WORK ORDER >>
Write out, word for word and with no pictures, each line below from the one containing "Photo Blue White" through the one containing "Roar BJJ Kid's", both included, and no other line.

SUPPLIED RECORDS >>
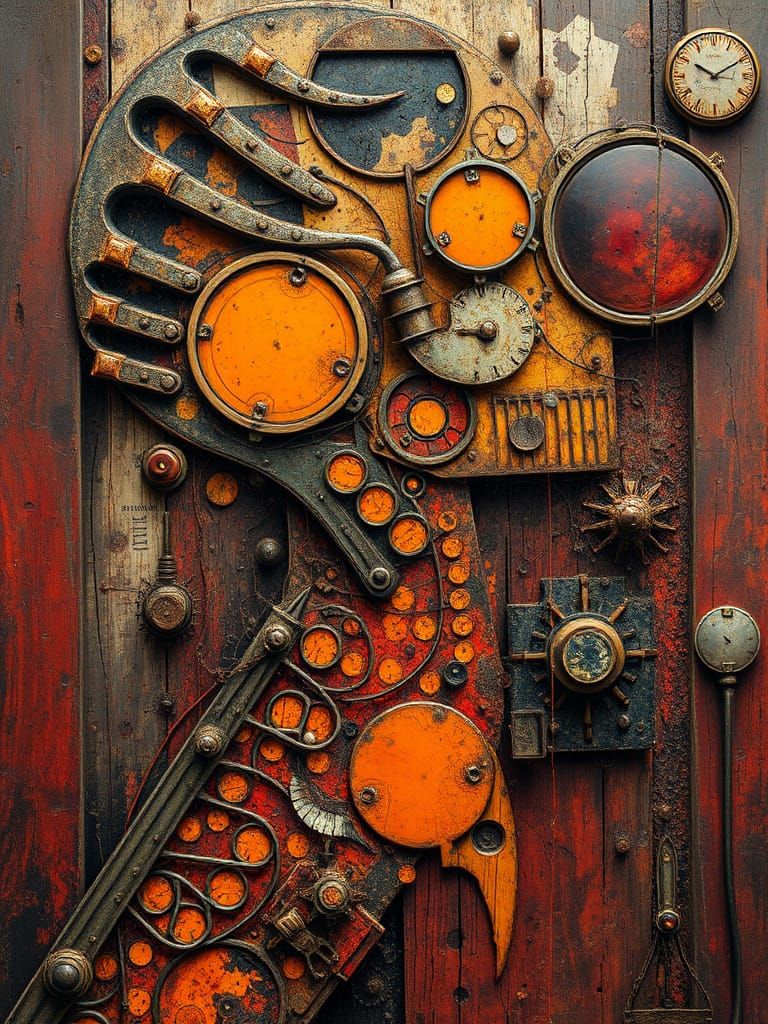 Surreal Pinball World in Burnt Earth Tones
==
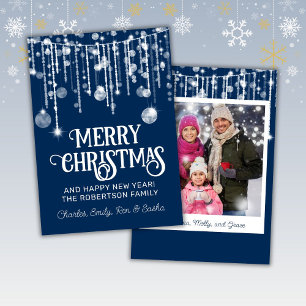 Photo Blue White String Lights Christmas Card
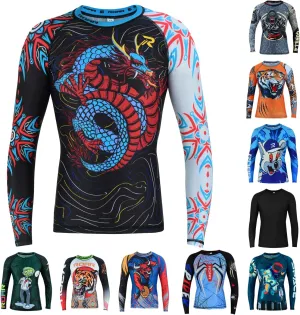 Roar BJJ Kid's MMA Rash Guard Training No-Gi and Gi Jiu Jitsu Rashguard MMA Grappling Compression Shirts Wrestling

WRITTEN RESPONSE >>
 Photo Blue White String Lights Christmas Card
 Roar BJJ Kid's MMA Rash Guard Training No-Gi and Gi Jiu Jitsu Rashguard MMA Grappling Compression Shirts Wrestling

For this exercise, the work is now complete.